India has three distinct energy challenges: to meet it’s ever increasing energy demand, to lower GHG emissions and to provide clean energy at low cost. These three seemingly contradicting end goals are to be met by 2030 in order to meet the Sustainable Development Goal 7 (SDG 7) on energy viz. ‘Ensure access to affordable, reliable, sustainable and modern energy for all’.

Realizing the potential of ocean energy and its relevance for India, the Union Cabinet gave its approval for India to become a member country of the Ocean Energy Systems (OES) by signing the Implementing Agreement (IA) on 13 Jan 2016. The OES Energy Technology Initiative is an intergovernmental collaboration between countries which operate under the aegis of International Energy Agency (IEA) and currently has 23 member countries including China, US, UK and other EU countries. This process of induction was formally completed on 27 April 2016 when India joined the Technology Collaboration Programme of the OES. The Earth System Science Organisation at the National Institute of Ocean Technology (ESSO-NIOT) under the Ministry of Earth Sciences is the nodal agency which will lead the Indian initiatives.

Ocean energy is primarily of six different types:

  • Wave energy: Based on wind-wave interaction
  • Tidal energy: Based on rise and fall of water level due to gravitational pull of sun and the moon
  • Tidal stream: Water flow in channels located on coast due to tidal effects
  • Ocean Thermal Energy Conversion (OTEC): Due to differential in temperature between different depths in the ocean
  • Salinity gradients: Due to difference in osmotic pressure between fresh water and salty water found in the region where the river meets the
  • Ocean currents: Which are wind-driven or based on thermohaline circulation

In addition there are other potential sources of oceanic energy such as extraction of biofuel from seaweed algae and geothermal energy from submarine vents, but these technologies are relatively unproven.
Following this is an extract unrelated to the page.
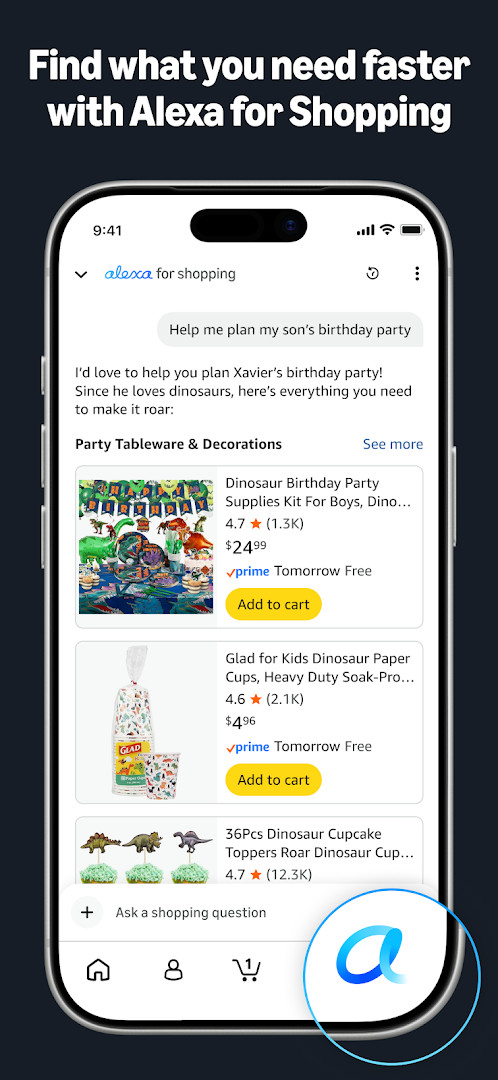 Amazon Shopping product detail page with 360-degree view option.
While tidal energy is a well-established technology and a 240 MW tidal plant has been operating since 1966 at La Rance in France. The largest and the latest addition to tidal energy is the deployment of 254 MW plant at Sihwa Lake, South Korea in 2011. As there has to be a minimum difference of 7 mts between the low and the high tide, there are limited regions in the world which are suited for setting up tidal plants. In India, the total identified potential of tidal energy is about 9,000 MW which is distributed in three regions: Gulf of Cambay (7000 MW), Gulf of Kutch (1200 MW) and the Ganges Delta in the Sunderbans (100 MW). A 3.65 MW plant is functional in the Sunderbans and a 50MW plant is planned in the gulf of Khambhat and Kutch. The upfront investment cost for the plant is around 4,500-5,000 US $/KW and with a lifetime of 40 years, the levelised cost of electricity (LCOE) is around 17-25 cents/kWh. While this LCOE makes tidal energy as one of the cheapest form of ocean energy the cost is still higher than electricity generated from fossil fuels as well as clean energy sources such as wind and solar, which is a big barrier for adoption of the technology.

Wave energy is most potent in latitudes between 30-60 degrees and has reached full scale prototype demonstration. There are various existing technologies such as wave attenuators, point absorbers, oscillating waves surge converters, oscillating water column, overtopping devices etc. which are deployed throughout the world. The investment cost is relatively steep and ranges from 6,200-16,000 US $/KW, and the technologies have a lifetime of approximately 20 years. The total installed capacity of wave energy generators was 12 MW in 2014.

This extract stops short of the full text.